What Worked (and What Didn't)

The podcast channel emerged as his primary acquisition lever. Unlike his Twitter following, podcast appearances converted listeners into actual sales calls. He learned that the offer matters more than the channel; what you're selling and how you're positioning it drives sales far more than where you're marketing it. This distinction shaped his entire strategy going forward.

Where They Are Now

TalentHQ operates nomadically with Brian, a co-founder, a team of two, and AI tools. The agency places Latin American project managers into US businesses. Rather than building an in-house recruiter, Brian chose to leverage AI for recruitment tasks—a decision informed by his belief that hiring shouldn't be a bottleneck.

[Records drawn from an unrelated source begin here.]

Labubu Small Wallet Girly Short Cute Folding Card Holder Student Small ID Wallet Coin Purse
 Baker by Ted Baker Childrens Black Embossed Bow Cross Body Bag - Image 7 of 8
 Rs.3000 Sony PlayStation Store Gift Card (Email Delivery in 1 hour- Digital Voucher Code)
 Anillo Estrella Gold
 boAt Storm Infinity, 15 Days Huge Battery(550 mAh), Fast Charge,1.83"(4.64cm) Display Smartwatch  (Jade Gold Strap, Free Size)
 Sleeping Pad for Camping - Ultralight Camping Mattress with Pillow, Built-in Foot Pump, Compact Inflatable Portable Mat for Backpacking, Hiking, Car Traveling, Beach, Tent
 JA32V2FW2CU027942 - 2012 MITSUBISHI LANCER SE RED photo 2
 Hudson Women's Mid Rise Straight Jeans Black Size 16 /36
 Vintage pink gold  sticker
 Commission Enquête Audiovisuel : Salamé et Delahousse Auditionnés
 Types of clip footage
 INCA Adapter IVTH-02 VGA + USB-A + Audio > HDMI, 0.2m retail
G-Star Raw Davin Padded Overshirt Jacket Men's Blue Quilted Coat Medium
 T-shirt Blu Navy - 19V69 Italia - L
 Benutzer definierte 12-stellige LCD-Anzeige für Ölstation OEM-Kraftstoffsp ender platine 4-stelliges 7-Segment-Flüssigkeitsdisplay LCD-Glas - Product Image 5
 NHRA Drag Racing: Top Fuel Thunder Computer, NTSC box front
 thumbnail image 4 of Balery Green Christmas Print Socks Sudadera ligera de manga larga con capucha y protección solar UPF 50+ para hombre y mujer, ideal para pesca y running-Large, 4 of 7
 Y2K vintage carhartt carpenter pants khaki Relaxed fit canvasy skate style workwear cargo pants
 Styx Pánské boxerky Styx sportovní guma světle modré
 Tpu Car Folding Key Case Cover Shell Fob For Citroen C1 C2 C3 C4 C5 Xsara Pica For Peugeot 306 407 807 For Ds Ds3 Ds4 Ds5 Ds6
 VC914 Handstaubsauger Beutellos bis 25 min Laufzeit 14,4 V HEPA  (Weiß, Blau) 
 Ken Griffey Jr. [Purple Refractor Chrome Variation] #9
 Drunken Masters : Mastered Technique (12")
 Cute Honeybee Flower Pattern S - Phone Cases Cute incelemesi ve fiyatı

The business model is service-based, high-margin, and repeatable.

Why It Worked
  • Massive reach without conversion signals a fundamental misalignment between audience size and monetization strategy; moving to a market with existing demand eliminated the need to create desire.
  • Personal outreach to a warm network converted faster and with higher close rates than any content or platform play, suggesting founder network is an underutilized early acquisition channel.
  • Podcast appearances outperformed social media reach because they filter for intent—listeners who take the time to tune in are self-selected for high engagement with the topic.
  • Positioning as a boring, proven solution (recruiting) rather than a novel product reduced decision friction and aligned with what customers already wanted to buy.
How to Replicate
  • 1.If you have an audience but low revenue, audit which of your followers are in your ideal customer profile and reach out to them directly via text or email with a specific offer before attempting to scale channels.
  • 2.Test podcast appearances as an acquisition channel by pitching to shows whose audiences match your ideal customer profile; track which appearances drive sales calls and double down on that format.
  • 3.Build your offer first (know exactly what you're selling and who needs it), then choose the channel second; the offer will determine which channels actually work for you.
  • 4.For service-based businesses, calculate LTV to CAC ratio obsessively; this metric reveals which customer acquisition channels are actually profitable versus which ones feel productive but drain margin.